Updated: Jul 24
For as long as I can remember, I’ve been interested in money. From counting my coin jar each week and selling baby rabbits to the local pet store as a five-year-old to studying finance and becoming an Investment Analyst fifteen years later. However, it never was and never will be about hoarding dollars and cents — it’s about what I can do with it, about outcomes and empowerment and the effects on my friends and family — and I owe that attitude to my Dad. He’d say, “Kurt, some people worship money like a religion. They just don’t get it. Money isn’t the goal. It’s the tool that lets you achieve your goals.” And I’ve got to give it to him, that advice has aged better than any wine, cheese or whisky I’ve ever had.
What started as an interest gradually grew into a passion. I was incredibly fortunate to grow up with parents who started from humble beginnings. I lived the progression as they transitioned our family from living in a small duplex in the heart of our small country town to a house on acreage on the fringes. Then we started taking longer holidays rather than just a weekend away — we even went overseas a couple of times! Honestly, I felt a little undeserving — what had I done to earn these incredible things that my schoolmates hadn’t? As time went by I kept noticing these differences. Then, at the ripe old age of fourteen I read The Barefoot Investor, 2nd Edition, and my eyes were opened. The underlying financial principles my parents lived by turned out to be very different to most families’. Why didn’t people realise the pain credit was causing them, how inflation was eating their savings and how important compound interest was to their financial future? I was baffled.

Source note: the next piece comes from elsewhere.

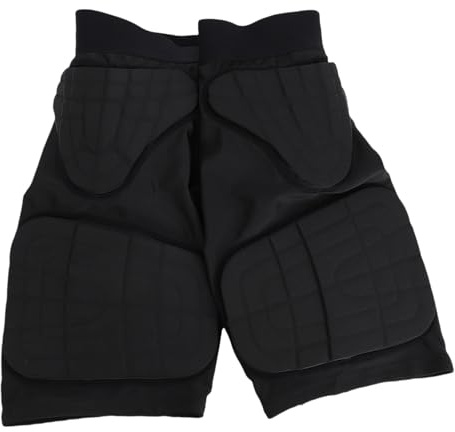 Jopwkuin Pantalones Cortos de Compresión Acolchados Protectores para Jóvenes para Fútbol Baloncesto, Almohadillas Modulares con Tela de Secado Rápido, Ropa Interior Acolchada Resistente a los (YL)
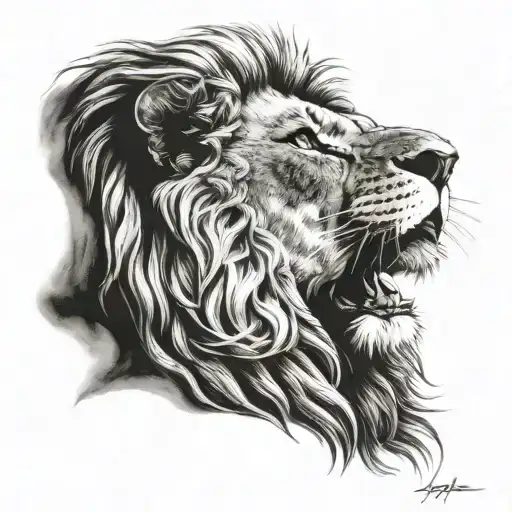 lion of judah tattoo design idea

It’s been more than ten years, but I finally have an answer. I believe it comes down to our relationship with and attitudes toward money as a society. As kids, we are taught geography, history, maths, english and science for twelve years in an effective and structured way.
Regardless of whether we pursue careers in these fields, we have a solid foundation of what our physical world is, how it works, how it came to be, and how to communicate with other people within it. But we never learn about how to thrive within our world, and whether we like it or not, in a capitalistic society, this is heavily influenced by our relationship with money.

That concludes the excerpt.